Today, we found ourselves on a six-hour car ride from DC to western New York, accompanied by another couple on the way to a wedding of mutual friends. As Andrew diligently followed Siri’s precise directions, before too long, talk turned to the question of Google righteousness.
“Alicia and I have had some of the worst fights of our marriage in the car,” Andrew offered up. Our carmates looked confused. “She’s convinced she knows better than Google maps.” My lady-friend in the back seat next to me smiled and nodded — she and I were clearly both on the same page.
Her fiancé, however, was of a different mind. I said that sometimes Google misinterprets traffic data and accidentally sends you a bad way. “No offense, but I’ll take Google traffic data over your feminine intuition,” he said.
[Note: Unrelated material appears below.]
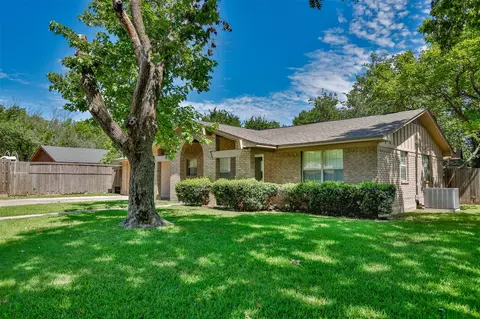 2003 Oneal St, Gainesville, TX 76240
One data point does not a trend make, but three starts to gesture at something meaningful. Just the week before, the same topic had come up with the future Mr. and Mrs. whose wedding we were on the way to witness. In this case, too, the gentleman insisted that Google knew best, whereas the lady was usually confident in the direction provided by her intuition.
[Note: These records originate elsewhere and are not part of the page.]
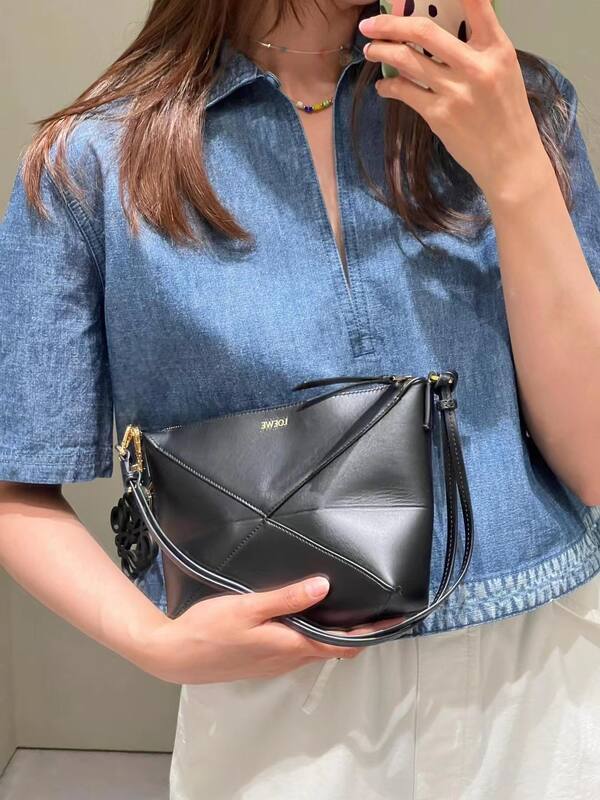 Loewe Black shoulder bag — 1:1 Replica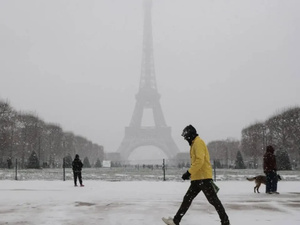 الثلوج تعطل حركة الملاحة الجوية في باريس : إلغاء 140 رحلة وتحذيرات مستمرة للسكان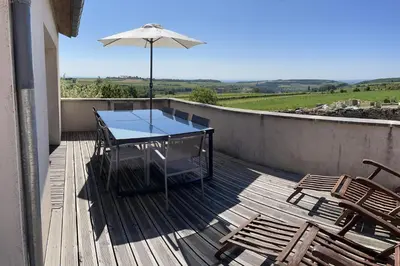 Piscine de l'établissement Le Cocon et le panorama des Hautes-Côtes ou située à proximité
Perhaps the trend doesn’t extend beyond the realm of driving, but on the other hand, maybe it does. While not reserved exclusively for women, the tuning of the intuition (not logic, intuition) is a highly feminine pursuit. We ladies often stake our lives and livelihoods on “gut decisions” guided by our intuition’s unique and sometimes instantaneous calculation, based on a multitude of factors. It may not be logical or explicable, but if we learn how to listen to the tell signs, we are almost always right.
The Internet and it’s masterminds (read: Google) can offer us a plethora of information gleaned from data and complex algorithms. In most cases, it can also tell us quite accurately how long it will take to get somewhere and what kind of weather we can expect when we arrive. In response to the following question, however, Google has no answer:
“Siri, what is the best way to my destination?”
Directional optimization (both literal and proverbial) is so subjective and individual, it’s not a query data can typically answer. For my part, I’ll take my intuition over Google’s traffic data any day.